The characteristic comprises a topic of the user prompt. The characteristic comprises a type of output requested for the user prompt. The software 204 can cause the execution/performance of natural language processing (NLP) to determine a topic of the user prompt.

The plurality of AI engines have scores for the characteristic, and the software is configured to select the at least one AI engine from the plurality of AI engines based on the at least one AI engine having a higher score for the characteristic. The at least one AI engine is selected based on having a high probability of accuracy (e.g., the best accuracy) for the characteristic compared to the other/remaining AI engines. Example scores/probabilities of accuracy are depicted in FIGS. 10 and 11.

The at least one AI engine has a score for the characteristic, and the software 204 is configured to update the score for the characteristic based on an inaccuracy being in one or more responses from the at least one AI engine. FIG. 3 depicts decreasing the score based on inaccuracies per domain.

The user prompt is received from a user, and the characteristic comprises one or more of a role of the user, an organization of the user, or a location of the user. Reference can be made to FIGS. 6, 7, 8, and 9.

It is to be understood that although this disclosure includes a detailed description on cloud computing, implementation of the teachings recited herein are not limited to a cloud computing environment. Rather, embodiments of the present invention are capable of being implemented in conjunction with any other type of computing environment now known or later developed.

Cloud computing is a model of service delivery for enabling convenient, on-demand network access to a shared pool of configurable computing resources (e.g., networks, network bandwidth, servers, processing, memory, storage, applications, virtual machines, and services) that can be rapidly provisioned and released with minimal management effort or interaction with a provider of the service. This cloud model may include at least five characteristics, at least three service models, and at least four deployment models.

Characteristics are as follows:

On-demand self-service: a cloud consumer can unilaterally provision computing capabilities, such as server time and network storage, as needed automatically without requiring human interaction with the service's provider.

Broad network access: capabilities are available over a network and accessed through standard mechanisms that promote use by heterogeneous thin or thick client platforms (e.g., mobile phones, laptops, and PDAs).

Resource pooling: the provider's computing resources are pooled to serve multiple consumers using a multi-tenant model, with different physical and virtual resources dynamically assigned and reassigned according to demand. There is a sense of location independence in that the consumer generally has no control or knowledge over the exact location of the provided resources but may be able to specify location at a higher level of abstraction (e.g., country, state, or datacenter).

Rapid elasticity: capabilities can be rapidly and elastically provisioned, in some cases automatically, to quickly scale out and rapidly released to quickly scale in. To the consumer, the capabilities available for provisioning often appear to be unlimited and can be purchased in any quantity at any time.

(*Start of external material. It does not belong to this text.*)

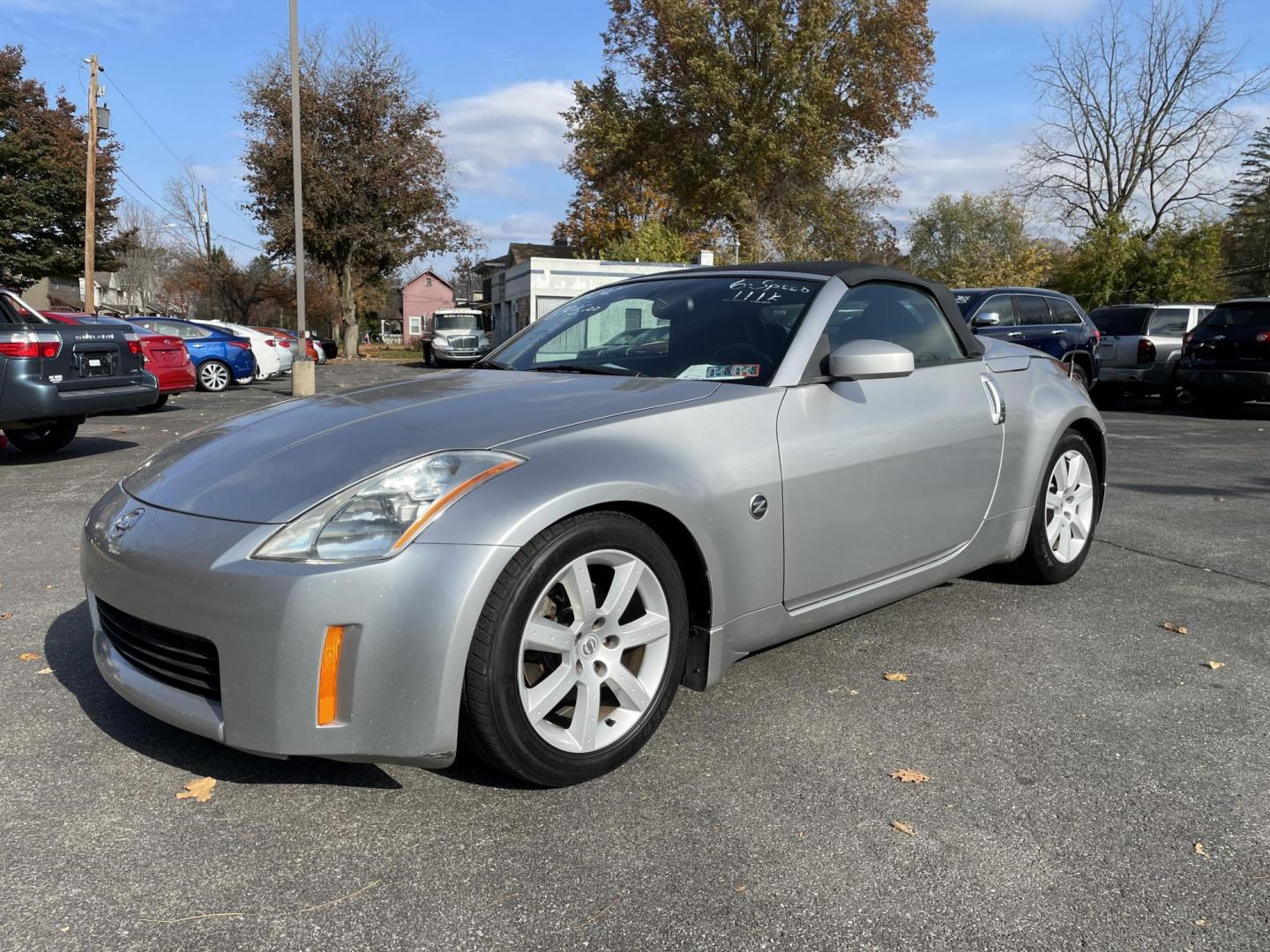 2004 silver Nissan 350Z Enthusiast Roadster (JN1AZ36A54T) with an 3.5L V6 DOHC 24V engine, 6-Speed Manual Overdrive transmission, located at 101 N. Main Street, Muncy, PA, 17756, (570) 546-5462, 41.207691, -76.785942 - Photo#0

Measured service: cloud systems automatically control and optimize resource use by leveraging a metering capability at some level of abstraction appropriate to the type of service (e.g., storage, processing, bandwidth, and active user accounts). Resource usage can be monitored, controlled, and reported, providing transparency for both the provider and consumer of the utilized service.

Service Models are as follows:

Software as a Service (SaaS): the capability provided to the consumer is to use the provider's applications running on a cloud infrastructure. The applications are accessible from various client devices through a thin client interface such as a web browser (e.g., web-based e-mail). The consumer does not manage or control the underlying cloud infrastructure including network, servers, operating systems, storage, or even individual application capabilities, with the possible exception of limited user-specific application configuration settings.

Platform as a Service (PaaS): the capability provided to the consumer is to deploy onto the cloud infrastructure consumer-created or acquired applications created using programming languages and tools supported by the provider. The consumer does not manage or control the underlying cloud infrastructure including networks, servers, operating systems, or storage, but has control over the deployed applications and possibly application hosting environment configurations.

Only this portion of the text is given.